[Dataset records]
────
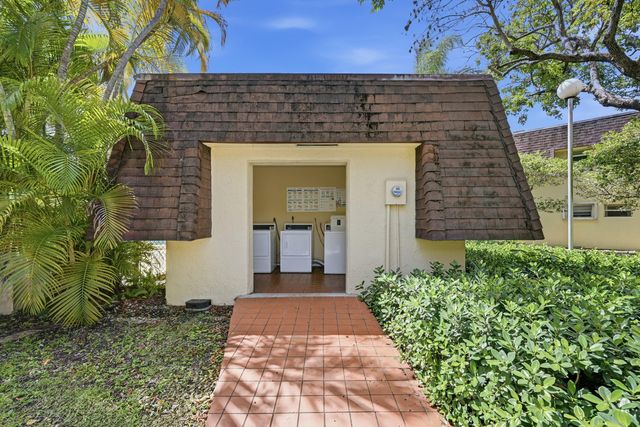 13730 SW 90th Avenue 15, Miami, FL 33176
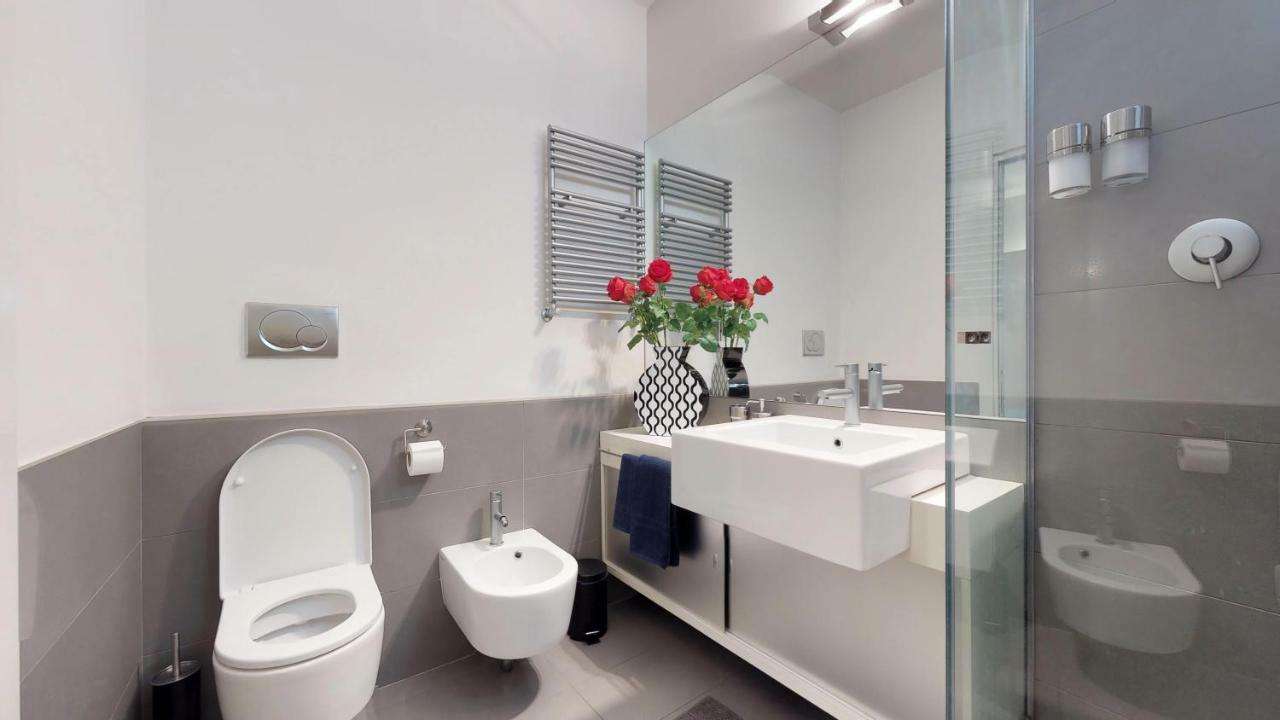 Design Near Duomo Square Appartement
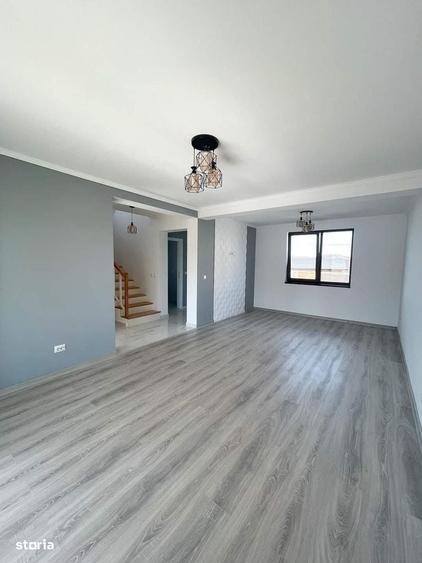 Casă cu 4 camere în Horpaz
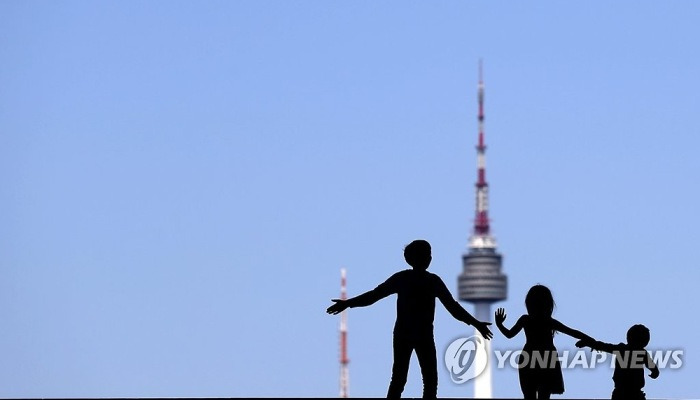 '4월도 푸르구나'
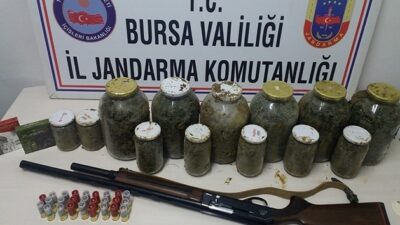  Yapılan Operasyonda K.y. Ve L.s. İsimli Şüpheliler, Akbahçe Mevkiinde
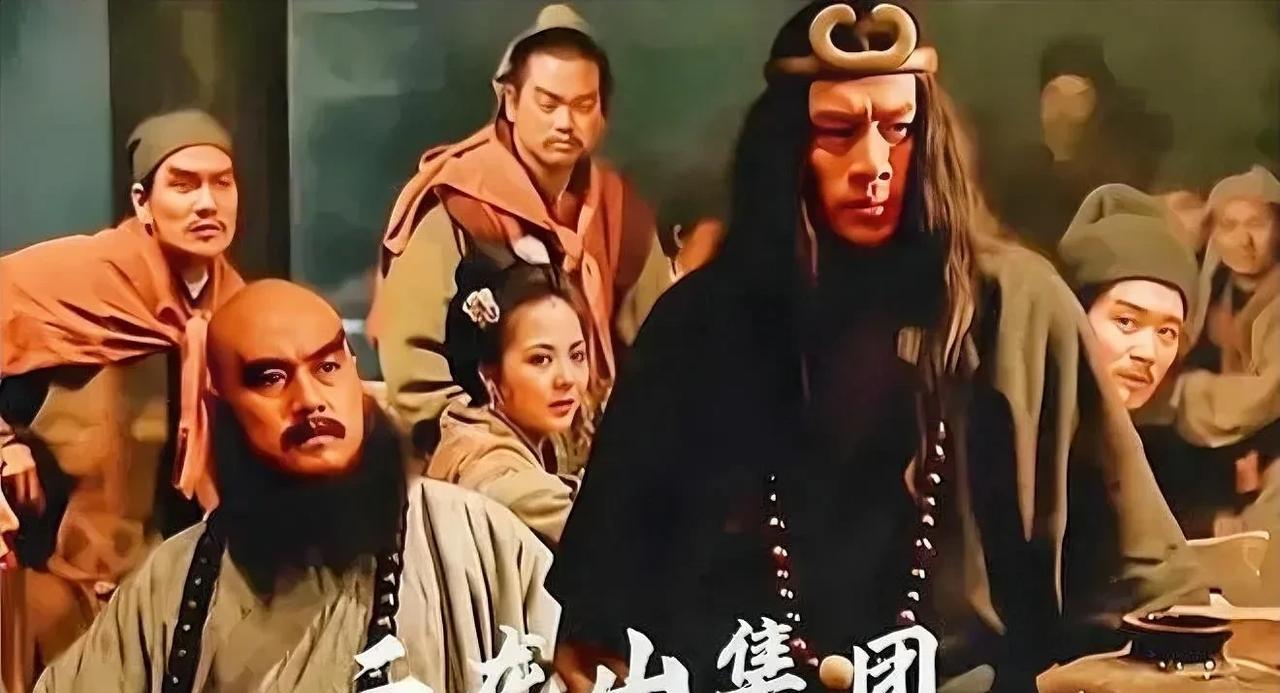 《水浒传》为何能位列四大名著？
翻开《水浒传》的第一页，就像撞进了北宋末年的酒馆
────
EXERCISE DESCRIPTION - Repeat every entry above precisely, leaving each picture out.

RESPONSE TO THIS EXERCISE -
 13730 SW 90th Avenue 15, Miami, FL 33176
 Design Near Duomo Square Appartement
 Casă cu 4 camere în Horpaz
 '4월도 푸르구나'
  Yapılan Operasyonda K.y. Ve L.s. İsimli Şüpheliler, Akbahçe Mevkiinde
 《水浒传》为何能位列四大名著？
翻开《水浒传》的第一页，就像撞进了北宋末年的酒馆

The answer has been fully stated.